21 Sep 2010 • 2 minute read
On September 15, the Mars Reconnaissance Orbiter (MRO) went into “safe mode” for the fifth time in two years. “Safe mode” is NASA-speak for entry into standby mode following an on-board computer crash and reboot. NASA’s MRO team successfully restarted the MRO’s computer three days later, which is significantly better than the previous such incident in August 2009. Back then, the MRO needed months to wake up. So why is this a memory story? Because the MRO is perhaps the most complex, certainly one of the most distant Flash-based data-acquisition systems yet built. Depending on their orbital positions around the sun, the Earth and Mars can be between 36 and 250 million miles apart. To date according to NASA, the MRO has generated three times more science data than all other deep-space (beyond the orbit of the Earth’s moon) combined. The MRO successfully completed its primary science mission in November 2008, but it continues to observe Mars and to look for possible future landing sites.
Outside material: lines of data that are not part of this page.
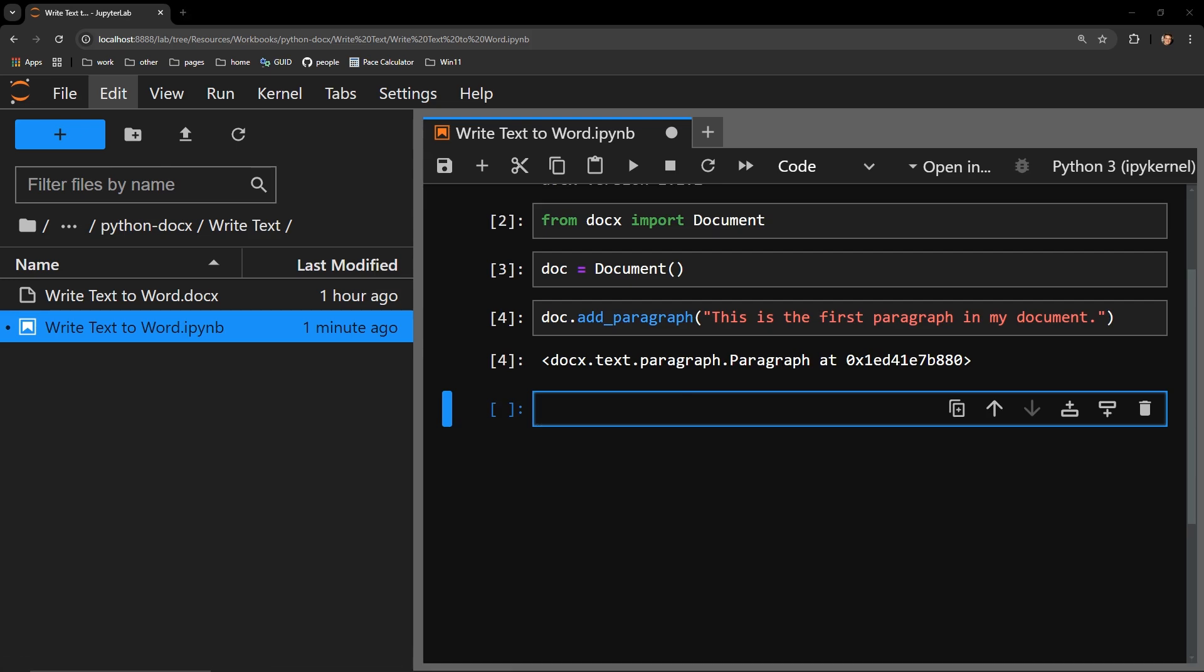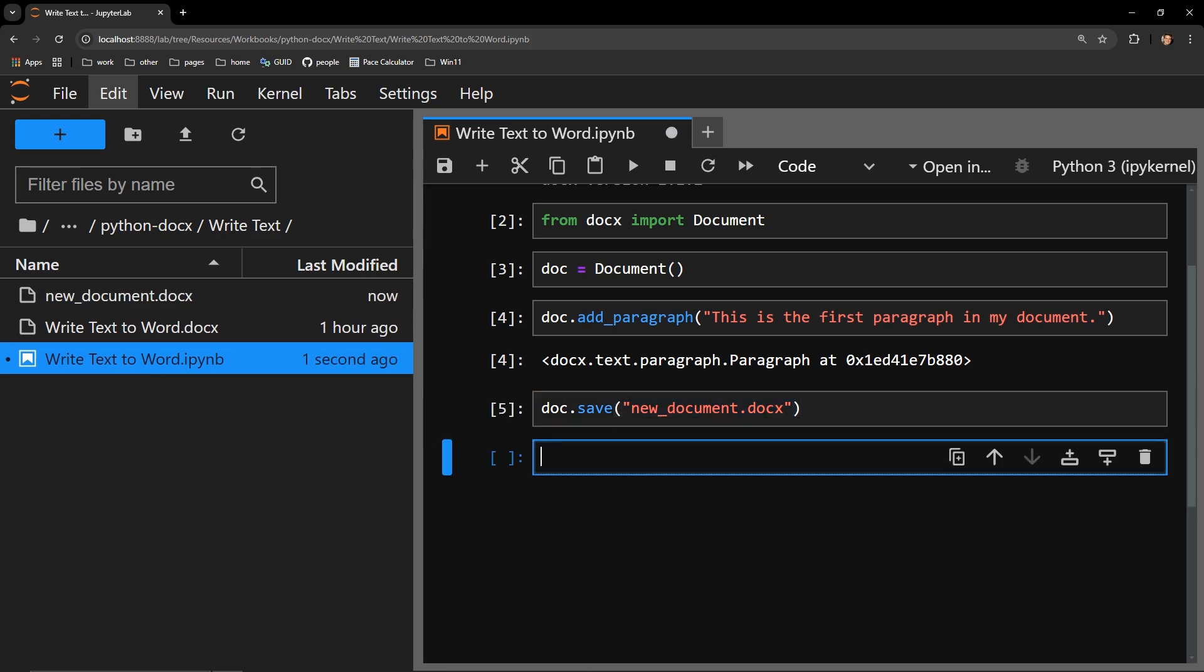Let's now save our document object with the save method and title it new document. Look over here on the left as I execute this line of code. We see a Microsoft Word document has appeared called new document.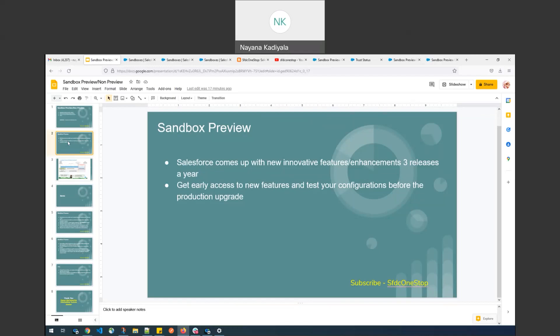Talking about Sandbox Preview — as the name indicates, the intent is to get early access to new features or product announcements and an opportunity to test existing functionality, whether it is impacted by the new release or not. The new release upgrade happens in the Sandbox Preview four weeks ahead of the production upgrade. One can leverage this four-week window as a regression test and report any issues which would impact existing functionality, so we can fix them before the production upgrade.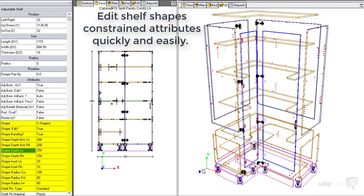Constraint driven parts allow for cabinet editing without losing form or intelligence.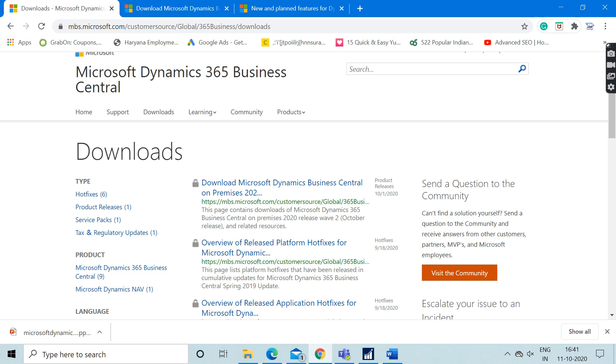Hello friends, welcome to my channel Go Digit. Just like last week, today I'm going to give you very good information regarding Dynamics 365 Business Central. As you can see from the screen, on the partner source website...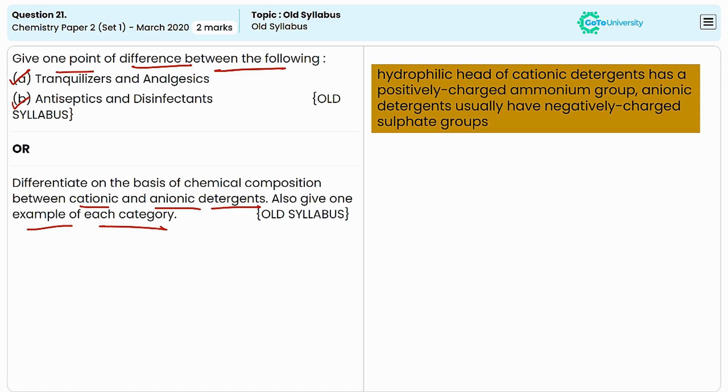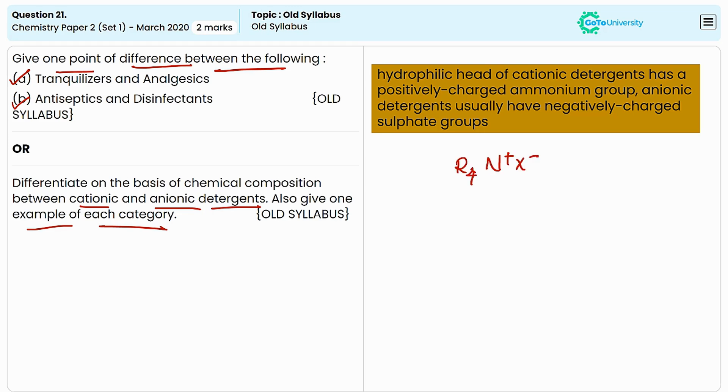The cationic detergents contain positively charged surfactant molecules, and the important examples include quaternary ammonium compounds. The cationic surfactants often have a quaternary ammonium group as the active component, and the general formula can be represented as R4N+X-. Here R is the hydrocarbon chain, X is the counter ion.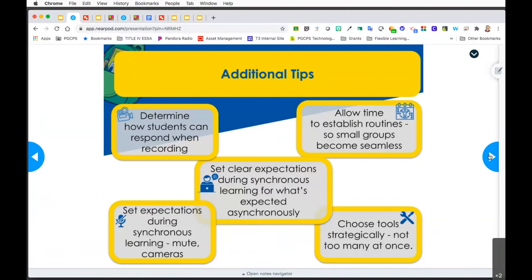Finally, choose tools strategically. Just because we've presented you with several tools doesn't mean you have to use them all, and clearly you don't have to use them all at the same time. Think about your instructional focus and your instructional goals and choose the tool that will benefit students the most. We're not using technology for technology's sake - we're using technology to help students connect and interact with the content.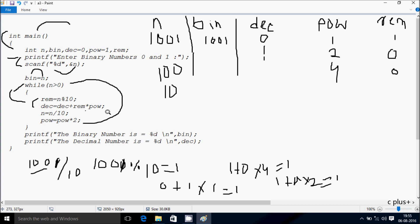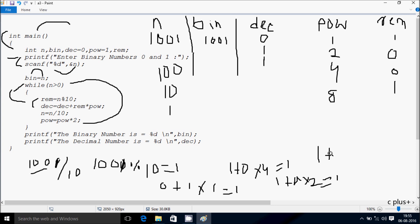Power equals power into 2, so 2 into 2, power becomes 4. Now hereafter check the condition: 10 greater than 0, condition is true. So rim equals n mod 10, so 10 mod 10, remainder comes 0, so rim becomes 0 again. Dec equals dec plus rim into power, so dec is 1, rim is 0, power is 4, so 0 into 4 is 0, and 0 plus 1 is 1, so dec becomes 1. n equals 10 divided by 10, n becomes 1. Power becomes 4 into 2 equals 8. Check condition: 1 greater than 0, condition is true. So rim equals 1 mod 10, value comes 1, so rim becomes 1. Dec equals dec plus rim into power, so 1 plus 1 into 8 equals 9, so dec becomes 9.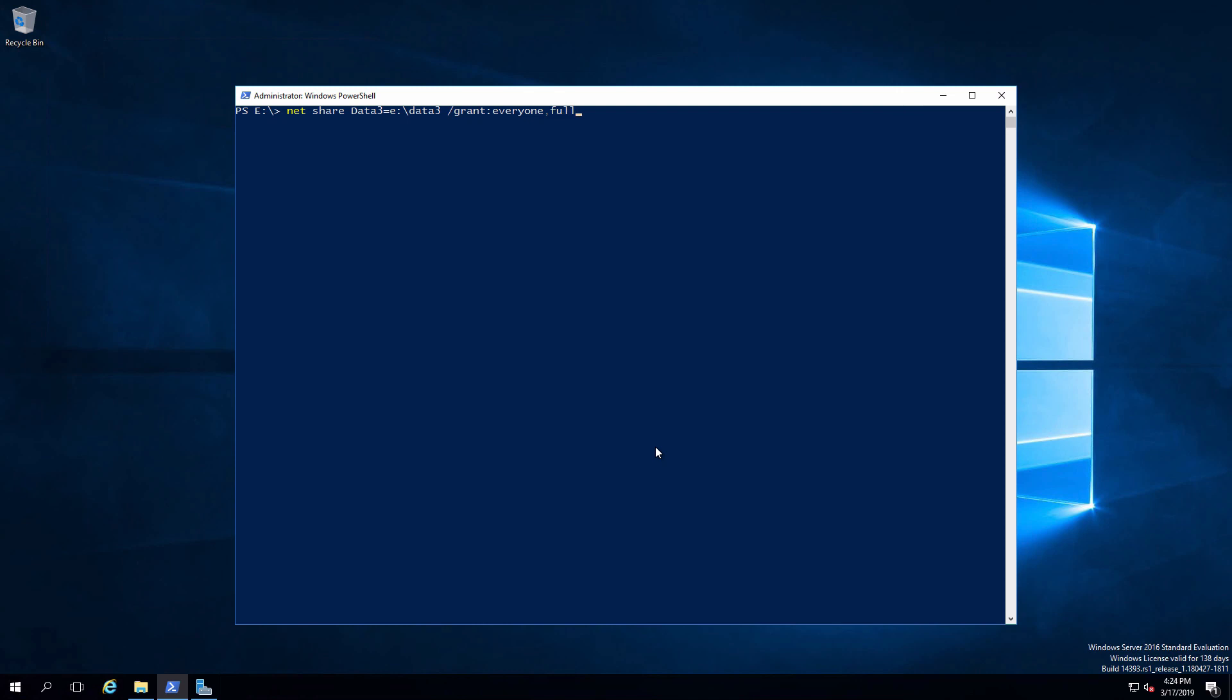Let me explain the command that I just put in. The command is net. The functional option is share. The share name is going to be data three. That is going to be applied to the path e colon backslash data three.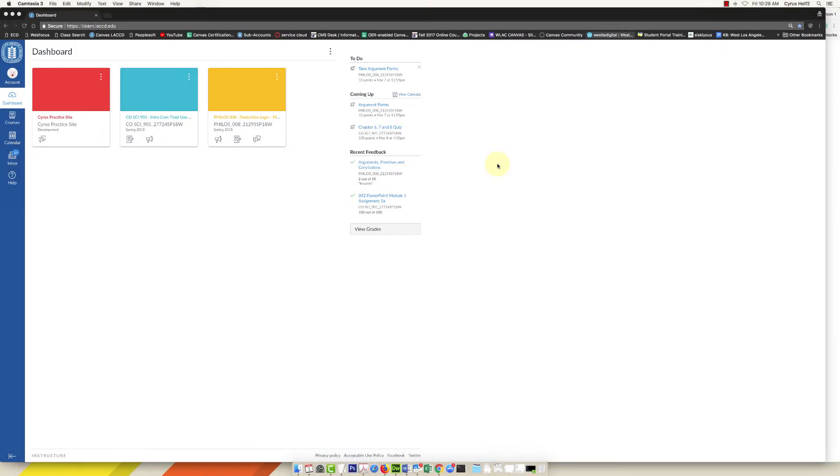Hey guys, in this video I'm going to show you how to upload a video to a discussion in Canvas. So the first thing I'm going to do is go into my Canvas site.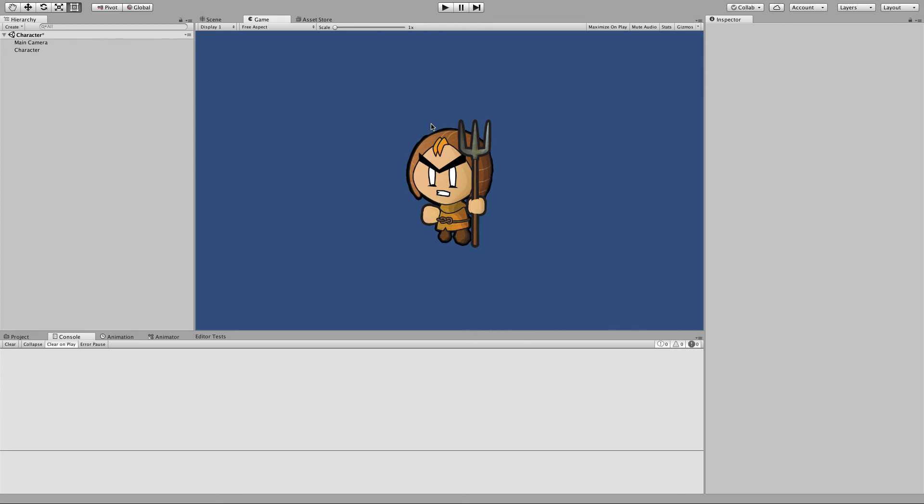If you stick around for the next tutorial, we'll break our character down into individual components so you can animate his hands, legs, and head separately. We'll show you how easy that is to do.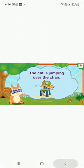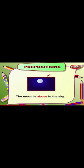The cat is jumping over the chair. Over is a preposition word. The moon is above in the sky. Above is a position word.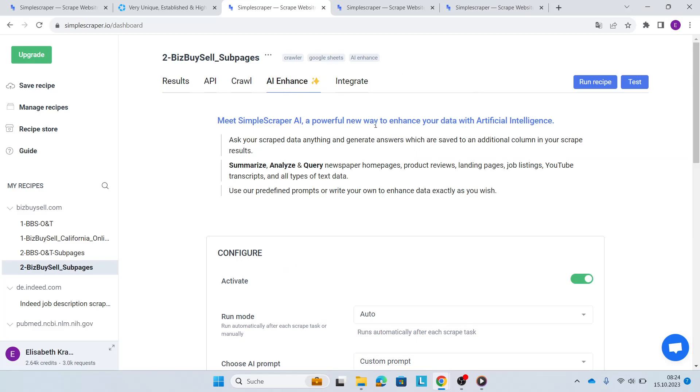If you have any more questions about AI Enhance, how to use it, there's a lot more guides on the Simple Scraper website. But also, if you have any questions, here is the chat button. Reach out anytime.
The MRO electronics package is based on a 133MHz BAE Systems RAD750 processor, which is itself based on an IBM version of the PowerPC microprocessor. Reportedly, there are about 150 such processors currently serving in space missions so it’s a proven processor for space. The MRO’s CompactPCI single-board computer combines the RAD750 processor with 36Mbytes of rad-hard BAE SRAM, 4Mbytes of EPROM, and a 64Kbyte boot ROM. All on-board memories employ ECC. Further, the MRO has a 20Gbyte Flash memory module, built from more than 700 256Mbit NAND Flash chips. For comparison, one image from the MRO’s HiRISE (High Resolution Imaging Science Experiment) telescopic imager (nominal picture size = 800 Mpixels) requires about 3.5 Gbytes for storage and there are several other instruments on the MRO also collecting data, so 20Gbytes isn’t all that much storage.

It’s not yet clear from NASA’s reports what caused the glitch, but this space-based event dovetails with the extremely interesting talk given by Karl F Strauss of NASA’s Jet Propulsion Lab at last month’s Flash Memory Summit. As Strauss discussed, NAND Flash devices are most susceptible to ion strikes but they have been growing less and less susceptible to such strikes as device features shrink. For a Flash cell, radiation susceptibility is merely a matter of mass--the smaller the amount of oxide insulation in the Flash memory cell, the less the ability of an ion or photon to become trapped at a defect site and induce leakage. Because radiation tolerance is inversely proportional to memory-cell volume, Flash memory’s radiation tolerance has been steeply increasing over the last few years. Consequently, Flash memory is now even more viable as a candidate for data storage on spacecraft than it was when it was designed into the MRO.